The book grabbed my attention from the first page and I found it hard to put down, which is a bit of a problem considering its epic word count of 183,000. Hence, be warned. It first starts as a quest for two, then a diverse cast of characters are introduced; their paths get tangled and it builds up to a fun dungeon-crawl and boss fight. I’d like to talk about some of the twists and surprises, but I won’t spoil the fun for you.

While the characters don’t deviate from the common fantasy types (kleptomaniac rogue, gruff dwarf, snarky mage, antisocial melee guy, female healer, … even the novel samurai isn’t characterized beyond stoic), they’re very likeable, lively, and sympathetic. I cared about them as real individuals and desired to see their stories through. There aren’t any faux action or TSTL heroines here as Tilda and the other women are skilled and resourceful. There’s plenty of moxie and quipping to go around.

McNally develops a rich and detailed world full of history. It pays greater attention to resource wars, changing boundaries, and taxes than other stories with this fantasy setting. It’s a world where an accursed city of doom opens up… and the first thing that happens is that hobgoblins levy taxes on any treasure carried out. It’s dungeons and business.
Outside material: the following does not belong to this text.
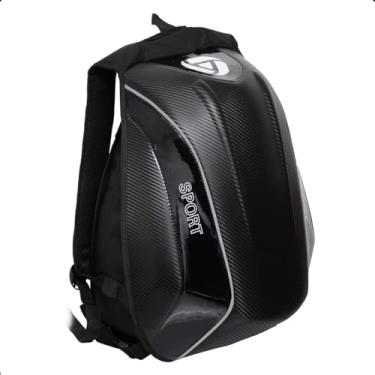 Imagem de Mochila Moto Grande Aerodinamica Impermeavel Porta Capacete Efeito Fibra de Carbono Qualidade Premium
One of The Sable City’s greatest strengths is its energetic tone and sense of humour. The characters have their troubles and despair, so while it has its poignant moments, it never gets too serious for its own good. It plays with some fantasy tropes while keeping the reader immersed in the story, and it strikes this balance masterfully.

The book’s weakness lies in the “building” of world-building. The first fifth is difficult to read because of the massive infodumping about the world. It made me feel like I was reading a game world wiki than a novel, but once you’re past the infodumping, it’s smooth sailing and turns out to be a really fun read. I think it could still benefit from more editing to fix excessive exposition and some awkward early scenes–but the way it is now, it’s still a great 4 star book.

There are a few anachronistic phrases (like “teamster”) and moments where I felt like I was playing an RPG instead of reading a novel. Its preoccupation with equipment and armour can only be described as obsessive, a mage attempts to cast Know History, and the party has a penchant for climbing up towers full of mooks just because the towers are there. But the quirks work well with the tone and story, so I just find them charming.

Due to the beginning 20% of ridiculous infodumping, I advice readers approach to that section with some blinders on if you’re overwhelmed by the details. Once you’re past that, it greatly improves and reveals itself as a rewarding and fun dungeons & dragons romp. I highly recommend The Sable City if you’re looking for an entertaining epic fantasy adventure.

Note: a free review copy was provided by the author.